A necessary and essential centrepiece of the efforts made by both fighters to get their point across is in the build up to and the actual defence of their titles.

For Dick Tiger, the build up to his world light heavyweight title defence against Bob Foster in May of 1968, was marked by a series of emotive interviews highlighted by those which he granted to the New York Times and Sports Illustrated.

On the night of the fight, he climbed into the ring with his robe emblazoned with the Biafra emblem and the national anthem of the rebel nation, words set to the music of ‘Finlandia’, Sibelius’ homage to Finnish resistance to Russian domination, was played.

But even after Tiger lost this particular battle in the ring, the propaganda war continued to be waged outside of Madison Square Garden.

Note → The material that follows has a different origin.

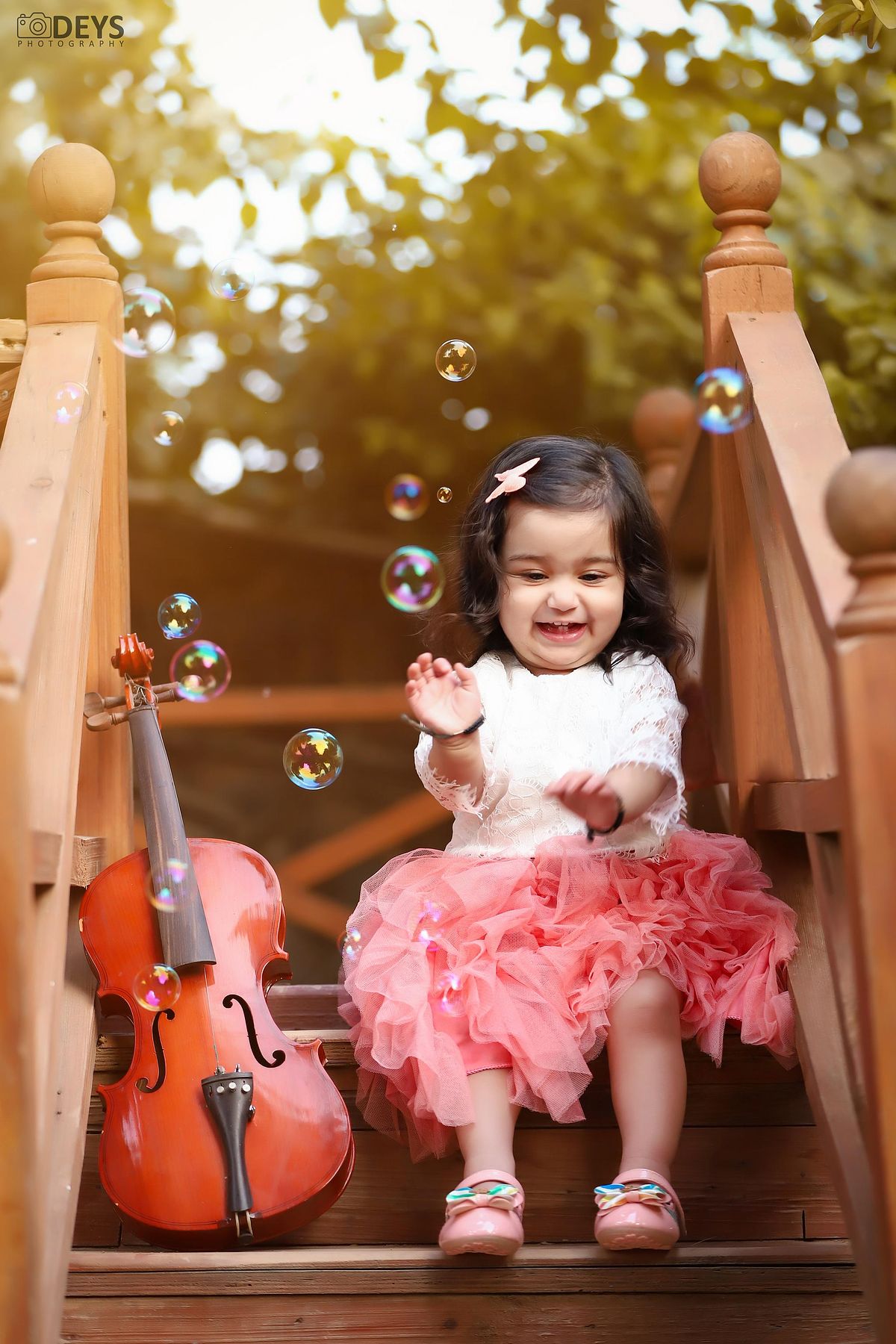 Baby playing with bubbles photoshoot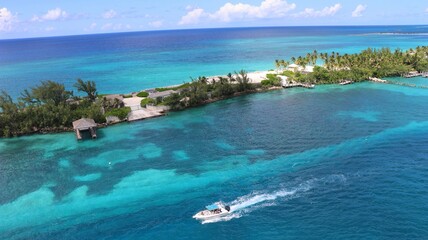 Perfect blue water, with a boat sail trough in Bahamas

As the audience streamed out of the arena, they were greeted by volunteers from the Biafran Mission who gave them leaflets detailing the evidence they claimed of the genocide being perpetrated by the Nigerian armed forces.

The fight had been broadcast live in America and was seen by an international audience. It is precisely this sort of opportunity which Wladimir Klitschko is preparing to utilise when he fights Alex Leapai just four weeks before the scheduled presidential elections in May. As he told the Daily Mail:

This is not just another fight. It is my stage. I’m expecting the whole of Ukraine to want me to win for our country. More than 150 countries will tune in to watch the fight. I am working on a few plans to help my country in the build-up and on the night. Trust me; I can do a lot for Ukraine on the night of April 26.

Later, in a video widely circulated on youtube, he urged the Russian president, Vladimir Putin “not to repeat the mistakes of history”. It was an indictment of past Russian transgressions in invading countries within its sphere of influence; most notably those instigated during the Soviet era: the crushing of the Hungarian uprising of 1956 and the neutralising of the Czechoslovakian ‘Prague Spring’ in 1968.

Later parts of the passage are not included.